Omdat een beslissing op het verzoek uitbleef heeft de officier van justitie in september 2013 het verzoek formeel ingetrokken per 1 december 2013, als op die datum nog geen finale beslissing zou zijn gegeven. Op 1 december 2013 is de verdachte in Turkije in vrijheid gesteld. Bij aankomst in Nederland op 4 december 2013 is hij aangehouden en heeft hij nog enkele dagen vastgezeten.
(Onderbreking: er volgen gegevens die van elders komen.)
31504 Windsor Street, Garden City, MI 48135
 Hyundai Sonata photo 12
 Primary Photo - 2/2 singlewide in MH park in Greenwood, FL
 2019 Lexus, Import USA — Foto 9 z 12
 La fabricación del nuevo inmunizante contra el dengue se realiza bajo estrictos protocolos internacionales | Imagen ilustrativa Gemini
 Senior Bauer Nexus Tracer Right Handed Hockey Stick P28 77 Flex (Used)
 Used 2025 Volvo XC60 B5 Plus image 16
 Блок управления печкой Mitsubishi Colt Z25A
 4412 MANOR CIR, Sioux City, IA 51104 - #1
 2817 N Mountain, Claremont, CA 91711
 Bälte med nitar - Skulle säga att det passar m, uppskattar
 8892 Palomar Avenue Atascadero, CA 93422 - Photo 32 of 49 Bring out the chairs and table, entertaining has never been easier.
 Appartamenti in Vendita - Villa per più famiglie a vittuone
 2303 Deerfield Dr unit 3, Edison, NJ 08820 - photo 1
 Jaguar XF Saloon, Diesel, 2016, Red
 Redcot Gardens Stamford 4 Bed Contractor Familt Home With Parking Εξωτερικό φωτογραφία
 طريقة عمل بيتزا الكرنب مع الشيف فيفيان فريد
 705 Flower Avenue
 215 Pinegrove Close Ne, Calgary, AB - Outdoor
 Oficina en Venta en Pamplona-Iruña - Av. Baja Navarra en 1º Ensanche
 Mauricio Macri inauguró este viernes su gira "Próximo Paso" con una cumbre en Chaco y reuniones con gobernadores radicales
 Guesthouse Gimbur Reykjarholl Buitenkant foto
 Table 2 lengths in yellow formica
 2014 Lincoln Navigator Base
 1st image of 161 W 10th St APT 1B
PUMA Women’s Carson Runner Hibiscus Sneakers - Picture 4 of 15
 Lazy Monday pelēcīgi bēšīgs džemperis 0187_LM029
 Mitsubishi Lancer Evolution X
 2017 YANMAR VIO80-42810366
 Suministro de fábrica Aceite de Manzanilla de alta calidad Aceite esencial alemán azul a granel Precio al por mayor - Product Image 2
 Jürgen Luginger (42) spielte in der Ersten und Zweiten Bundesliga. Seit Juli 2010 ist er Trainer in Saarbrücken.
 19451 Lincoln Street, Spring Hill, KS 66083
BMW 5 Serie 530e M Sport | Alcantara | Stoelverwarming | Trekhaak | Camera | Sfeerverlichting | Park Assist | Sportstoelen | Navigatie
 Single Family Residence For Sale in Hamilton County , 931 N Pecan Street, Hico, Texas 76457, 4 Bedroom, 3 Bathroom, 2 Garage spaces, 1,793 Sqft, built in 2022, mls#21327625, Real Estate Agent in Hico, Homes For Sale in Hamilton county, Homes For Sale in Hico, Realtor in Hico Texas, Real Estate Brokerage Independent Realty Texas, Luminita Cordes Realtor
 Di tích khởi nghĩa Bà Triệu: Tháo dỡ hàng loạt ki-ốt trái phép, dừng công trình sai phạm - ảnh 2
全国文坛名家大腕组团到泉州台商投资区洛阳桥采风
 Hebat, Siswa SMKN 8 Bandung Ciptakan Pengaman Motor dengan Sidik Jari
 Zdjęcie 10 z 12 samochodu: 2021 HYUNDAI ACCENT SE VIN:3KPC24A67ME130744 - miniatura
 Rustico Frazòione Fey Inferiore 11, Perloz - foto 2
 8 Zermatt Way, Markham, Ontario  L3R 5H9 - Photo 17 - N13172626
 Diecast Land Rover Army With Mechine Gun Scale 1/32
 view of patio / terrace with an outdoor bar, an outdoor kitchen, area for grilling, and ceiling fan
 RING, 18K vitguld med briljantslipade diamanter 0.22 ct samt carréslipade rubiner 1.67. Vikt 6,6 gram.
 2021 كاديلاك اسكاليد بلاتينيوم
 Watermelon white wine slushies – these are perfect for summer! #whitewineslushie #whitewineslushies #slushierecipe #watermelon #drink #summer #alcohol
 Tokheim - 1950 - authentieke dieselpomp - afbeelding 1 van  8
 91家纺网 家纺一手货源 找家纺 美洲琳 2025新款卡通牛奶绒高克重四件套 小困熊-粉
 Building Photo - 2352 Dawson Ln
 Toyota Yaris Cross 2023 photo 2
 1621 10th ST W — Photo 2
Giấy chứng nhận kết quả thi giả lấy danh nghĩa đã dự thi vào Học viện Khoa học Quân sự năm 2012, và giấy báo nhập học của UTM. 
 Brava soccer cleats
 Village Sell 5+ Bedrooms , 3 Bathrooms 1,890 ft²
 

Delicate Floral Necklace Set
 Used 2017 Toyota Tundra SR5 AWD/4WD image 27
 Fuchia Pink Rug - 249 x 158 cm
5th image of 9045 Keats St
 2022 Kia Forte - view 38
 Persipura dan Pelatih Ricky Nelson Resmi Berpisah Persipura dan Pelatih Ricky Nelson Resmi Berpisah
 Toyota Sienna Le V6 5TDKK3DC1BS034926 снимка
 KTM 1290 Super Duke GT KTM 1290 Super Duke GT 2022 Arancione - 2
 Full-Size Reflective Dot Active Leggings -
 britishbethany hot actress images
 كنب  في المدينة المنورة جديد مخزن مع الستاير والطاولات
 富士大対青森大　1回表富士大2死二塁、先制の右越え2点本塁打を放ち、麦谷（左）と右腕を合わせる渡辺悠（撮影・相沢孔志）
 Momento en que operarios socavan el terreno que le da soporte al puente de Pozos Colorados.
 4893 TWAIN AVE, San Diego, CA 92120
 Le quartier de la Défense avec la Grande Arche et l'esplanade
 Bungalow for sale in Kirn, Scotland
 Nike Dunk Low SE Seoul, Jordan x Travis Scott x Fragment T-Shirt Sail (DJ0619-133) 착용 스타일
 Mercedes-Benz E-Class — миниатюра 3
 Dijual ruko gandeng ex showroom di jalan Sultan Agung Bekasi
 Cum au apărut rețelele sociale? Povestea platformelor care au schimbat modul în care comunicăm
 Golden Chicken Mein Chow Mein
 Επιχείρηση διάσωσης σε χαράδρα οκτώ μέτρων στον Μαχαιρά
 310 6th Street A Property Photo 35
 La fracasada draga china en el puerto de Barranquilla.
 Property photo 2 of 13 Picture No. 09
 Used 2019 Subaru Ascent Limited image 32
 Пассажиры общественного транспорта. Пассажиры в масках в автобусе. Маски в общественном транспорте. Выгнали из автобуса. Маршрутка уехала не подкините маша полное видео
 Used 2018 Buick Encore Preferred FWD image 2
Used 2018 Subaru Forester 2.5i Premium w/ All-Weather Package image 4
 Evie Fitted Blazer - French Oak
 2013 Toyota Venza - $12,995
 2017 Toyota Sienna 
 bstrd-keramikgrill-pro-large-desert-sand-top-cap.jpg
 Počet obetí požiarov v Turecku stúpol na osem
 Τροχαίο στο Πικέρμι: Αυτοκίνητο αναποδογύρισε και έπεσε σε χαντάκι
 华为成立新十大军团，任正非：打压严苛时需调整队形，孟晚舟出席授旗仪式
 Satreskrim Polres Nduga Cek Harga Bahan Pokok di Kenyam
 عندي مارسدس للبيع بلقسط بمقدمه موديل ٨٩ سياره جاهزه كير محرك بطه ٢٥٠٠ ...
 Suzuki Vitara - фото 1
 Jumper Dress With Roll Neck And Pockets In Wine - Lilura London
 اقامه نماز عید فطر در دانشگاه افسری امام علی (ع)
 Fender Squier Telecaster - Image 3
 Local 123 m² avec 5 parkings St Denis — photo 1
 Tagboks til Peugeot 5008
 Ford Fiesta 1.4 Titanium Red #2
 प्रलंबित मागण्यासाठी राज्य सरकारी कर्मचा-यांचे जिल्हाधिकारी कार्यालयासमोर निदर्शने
De verdachte ontkent de tenlastegelegde feiten te hebben gepleegd. De rechtbank moet onderzoeken of de verdachte zich aan de tenlastegelegde feiten heeft schuldig gemaakt.
3.2
Het standpunt van de officier van justitie
De officier van justitie heeft gevorderd dat de rechtbank de verdachte van het hem onder 2. tenlastegelegde zal vrijspreken en wettig en overtuigend bewezen zal verklaren dat de verdachte het hem onder 1. tenlastegelegde feit heeft begaan. De officier van justitie is van oordeel dat er voldoende wettig en overtuigend bewijs aanwezig is in de vorm van diverse verklaringen in het dossier, de telefoongegevens die wijzen op betrokkenheid van de verdachte bij feit 1. en tenslotte de in de woning van het slachtoffer aangetroffen vingerafdruk van de verdachte.
3.3
Het standpunt van de verdediging
De raadsman heeft vrijspraak bepleit ten aanzien van beide tenlastegelegde feiten en heeft daartoe een pleitnota overgelegd. Kort weergegeven komt zijn betoog op het volgende neer.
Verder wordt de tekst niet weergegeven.